Canadian Networker Fall Business Expo photo courtesy of KW Snap 2015

March 1, 2016 at 1:10 pm Leave a comment

Turning us upside down

Gayleen and Frank, 25th anniversary - Copy

Two years ago today, we were preparing to attend the funeral of my childhood friend, Gayleen. Since then, I’ve endured the loss of friends— Kathy, Susan and Pat— this year, and others, and of course, Samantha, who died much too soon at the age of 16 years old. Today I dedicate this blog post to anyone who has lost a family member or friend in the past year, because I know I am not alone.

Turning me upside down

“It’s only when we truly know and understand that we have a limited time on earth — and that we have no way of knowing when our time is up — that we will begin to live each day to the fullest, as if it was the only one we had.”
― Elisabeth Kübler-Ross

Life is a strange thing.

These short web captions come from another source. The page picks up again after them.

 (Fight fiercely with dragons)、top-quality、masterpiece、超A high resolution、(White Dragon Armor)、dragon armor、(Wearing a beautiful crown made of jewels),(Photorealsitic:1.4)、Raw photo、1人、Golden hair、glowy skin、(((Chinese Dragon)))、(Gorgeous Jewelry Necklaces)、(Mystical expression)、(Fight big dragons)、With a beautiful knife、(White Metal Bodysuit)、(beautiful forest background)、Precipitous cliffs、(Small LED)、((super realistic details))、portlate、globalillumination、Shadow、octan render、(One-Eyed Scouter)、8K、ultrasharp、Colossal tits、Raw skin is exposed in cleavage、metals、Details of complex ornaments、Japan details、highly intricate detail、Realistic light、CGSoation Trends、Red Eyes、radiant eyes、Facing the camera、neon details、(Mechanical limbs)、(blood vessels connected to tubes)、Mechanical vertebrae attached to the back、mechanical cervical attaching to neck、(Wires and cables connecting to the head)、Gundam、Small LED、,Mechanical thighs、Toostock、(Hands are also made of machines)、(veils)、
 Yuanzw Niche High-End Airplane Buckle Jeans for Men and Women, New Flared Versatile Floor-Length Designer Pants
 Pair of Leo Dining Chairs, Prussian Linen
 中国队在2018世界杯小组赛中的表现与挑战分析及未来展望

Just when we think we’ve got things sorted out and life is ‘humming along,’ there comes a change. A boss says, “We don’t need you anymore” or a change in economic times makes us reconsider our spending, and even where we live. Along with that sorting and packing up of our belongings come feelings of bewilderment and sometimes anger and a lot of sadness.

Big events change things and force us to make new decisions that we might not have made otherwise, such as when a tornado turned the barn on our family farm into a shambles of wood and cement and broken beams. We were fortunate that no one was in the barn at the time and that the animals were in the field that August day when the storm passed through. It was clear that the barn had to come down afterwards for safety reasons, but my parents had to decide what to do next for their farming operations.

There was no death on account of the tornado, but there was some trauma for the house got a good shaking too. Everything my parents had worked for had changed. If there were any blessings, it was the way people in the community worked together to help out those affected by the storm.

Grief, as a part of life, is even stranger. We get settled into a lifestyle, while knowing we won’t have forever, but someone close to us dies and it sets everything we know on end. Time is marked ‘before’ and ‘after’ the event. Before the tornado, before the cancer diagnosis, before the accident… and after.

When friends offer their condolences or bring a meal for a family upended without their beloved, those are difficult times, but healing begins with those comforting hugs and help.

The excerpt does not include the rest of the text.